Home > Uncategorized > The big airport rip-off

The big airport rip-off

I flew into Edinburgh Airport last Thursday, into the middle of a controversy. If you’re from that city, you’ll know this already, but if not, the owners of the terminal have incensed most of its users by announcing that it plans to charge every driver £1, just to drop off friends and family. I had a long conversation with a Scotsman journalist last week, in which I tried to nail down a single overwhelming reason why this is an intolerable proposal. I couldn’t; some things are just too outrageous for logical criticism and this is one of them. There is nothing to justify it. If there was decent public transport to the place, maybe, but there isn’t. Even if there were, it would be impractical for those travellers who don’t live in the city, and that’s actually a hell of a lot of us.

I wound up saying two things to the Scotsman reporter. The first was that if a client had come to me in my PR days with such a plan, I’d have told him that I was not in the business of defending the indefensible, and that he’d better find himself a new advisor if he planned to proceed. The second was that it’s a huge irony that Edinburgh Airport’s ultimate owner is a Spanish company called Ferrovia. If an airport operator tried to introduced such a charge in Cataluna, they’d be blown away, and these people know that. But it’s fine for them to fleece us Scots. Eff you, Ferrovia, and the plane you flew in on.

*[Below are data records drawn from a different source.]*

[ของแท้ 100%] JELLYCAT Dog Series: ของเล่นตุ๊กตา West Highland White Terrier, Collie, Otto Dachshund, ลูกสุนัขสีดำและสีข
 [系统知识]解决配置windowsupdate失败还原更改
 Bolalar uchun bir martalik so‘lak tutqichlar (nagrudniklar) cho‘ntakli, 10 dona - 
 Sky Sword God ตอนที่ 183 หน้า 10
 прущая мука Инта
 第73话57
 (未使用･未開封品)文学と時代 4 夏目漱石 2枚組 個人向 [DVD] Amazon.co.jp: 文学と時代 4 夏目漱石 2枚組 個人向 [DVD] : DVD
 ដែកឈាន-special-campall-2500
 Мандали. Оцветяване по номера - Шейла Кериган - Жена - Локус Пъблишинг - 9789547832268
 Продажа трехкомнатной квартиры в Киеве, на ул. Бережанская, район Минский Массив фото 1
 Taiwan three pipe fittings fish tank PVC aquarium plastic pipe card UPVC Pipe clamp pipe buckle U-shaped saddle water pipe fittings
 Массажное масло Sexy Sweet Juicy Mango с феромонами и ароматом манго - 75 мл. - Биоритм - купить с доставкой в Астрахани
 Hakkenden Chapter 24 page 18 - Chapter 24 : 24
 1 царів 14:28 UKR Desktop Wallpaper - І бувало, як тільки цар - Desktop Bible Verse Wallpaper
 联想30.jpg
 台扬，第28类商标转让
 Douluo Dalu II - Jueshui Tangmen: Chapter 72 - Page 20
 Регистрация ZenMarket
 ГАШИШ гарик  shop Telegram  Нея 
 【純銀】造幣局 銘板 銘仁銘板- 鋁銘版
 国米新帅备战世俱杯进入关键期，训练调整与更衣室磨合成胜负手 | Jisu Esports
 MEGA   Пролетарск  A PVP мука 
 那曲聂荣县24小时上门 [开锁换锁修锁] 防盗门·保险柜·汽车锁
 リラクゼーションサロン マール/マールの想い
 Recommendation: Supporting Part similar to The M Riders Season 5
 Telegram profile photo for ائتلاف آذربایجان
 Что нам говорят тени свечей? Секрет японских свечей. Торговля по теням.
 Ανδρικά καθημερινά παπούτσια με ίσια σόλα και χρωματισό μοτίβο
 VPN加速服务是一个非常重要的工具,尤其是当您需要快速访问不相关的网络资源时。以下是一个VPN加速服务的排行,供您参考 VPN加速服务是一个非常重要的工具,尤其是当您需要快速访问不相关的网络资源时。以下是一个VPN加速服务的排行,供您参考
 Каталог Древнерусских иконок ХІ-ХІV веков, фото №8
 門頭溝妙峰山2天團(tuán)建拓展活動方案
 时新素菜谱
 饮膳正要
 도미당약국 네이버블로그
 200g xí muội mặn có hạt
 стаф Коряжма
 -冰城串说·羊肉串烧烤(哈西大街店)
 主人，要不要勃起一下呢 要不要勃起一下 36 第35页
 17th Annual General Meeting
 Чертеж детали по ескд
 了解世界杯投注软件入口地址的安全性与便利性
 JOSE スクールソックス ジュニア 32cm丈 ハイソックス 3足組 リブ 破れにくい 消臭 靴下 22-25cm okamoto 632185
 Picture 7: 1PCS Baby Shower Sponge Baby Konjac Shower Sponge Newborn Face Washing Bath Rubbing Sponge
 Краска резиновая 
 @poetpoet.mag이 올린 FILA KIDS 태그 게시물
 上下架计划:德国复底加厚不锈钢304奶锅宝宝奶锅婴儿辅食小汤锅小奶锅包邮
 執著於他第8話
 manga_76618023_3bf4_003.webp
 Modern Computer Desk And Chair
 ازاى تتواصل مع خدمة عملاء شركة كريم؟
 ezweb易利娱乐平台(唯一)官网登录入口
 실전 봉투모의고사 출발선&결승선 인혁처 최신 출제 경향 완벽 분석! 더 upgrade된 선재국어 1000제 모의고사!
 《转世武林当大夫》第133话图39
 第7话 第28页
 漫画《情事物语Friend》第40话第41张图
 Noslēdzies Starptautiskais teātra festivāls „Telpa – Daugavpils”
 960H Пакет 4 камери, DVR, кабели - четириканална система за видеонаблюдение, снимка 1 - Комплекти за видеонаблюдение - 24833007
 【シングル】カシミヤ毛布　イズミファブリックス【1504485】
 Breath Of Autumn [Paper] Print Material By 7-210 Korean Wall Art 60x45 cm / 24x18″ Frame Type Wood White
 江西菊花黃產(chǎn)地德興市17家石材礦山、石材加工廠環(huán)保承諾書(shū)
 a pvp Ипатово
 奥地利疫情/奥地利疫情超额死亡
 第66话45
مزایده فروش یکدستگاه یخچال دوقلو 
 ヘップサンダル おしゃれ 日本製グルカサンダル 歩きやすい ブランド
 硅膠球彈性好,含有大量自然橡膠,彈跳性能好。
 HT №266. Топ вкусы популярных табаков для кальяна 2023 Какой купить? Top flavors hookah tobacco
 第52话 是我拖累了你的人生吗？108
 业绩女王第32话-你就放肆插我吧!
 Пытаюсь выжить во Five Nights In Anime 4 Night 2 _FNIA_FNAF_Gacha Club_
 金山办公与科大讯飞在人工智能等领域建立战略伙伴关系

Here’s a little story to back up my outrage. A few years ago, the town council in L’Escala, where we live, decided that all the boat-owners who wanted to park in the town’s marina, one of the most expensive in Spain, would have to pay for that too. However they forgot one thing. The town’s commercial fisherman, small and medium sized, all work out of the same place. A hut was built, a barrier was put in place and a man was hired to take the money. On the first morning, the fishermen arrived. They took their tickets and said nothing, but gathered together and a meeting was held. When it was over, they walked back up to the hut, broke the barrier and threw it in the sea. It was never replaced. I’d love to think that Edinburgh’s travellers might take similar direct action. But we won’t. Let’s face it; in our city corporate stupidity is an art form, and in its face we are all law-abiding sheep.

Categories: Uncategorized
  1. John
    August 4, 2010 at 3:59 am

    this sort of stuff makes my blood boil. where on earth they come up with this sort of ill-conceived tripe is beyond the comprehension of normal minds, which clearly concludes that we are being controlled by abnormal minds. perhaps these are aliens in human-form theory that many people subcribe to cos this is just addled thinking… moronic dikeds

  2. Vera McComb
    August 17, 2010 at 10:46 pm

    We now have the exact same situation at Belfast International Airport. I have just left my son off to return to Glasow and has to pay £1 to drop him off. It took exactly 30 seconds. It is absolutely ridiculous, but there is no way that you can’t pay as there are barriers in and out. To add insult to injury if you don’t have the correct money you don’t get any change and if you pay by credit card you are charged a 3% fee. How honestly can this be morally right.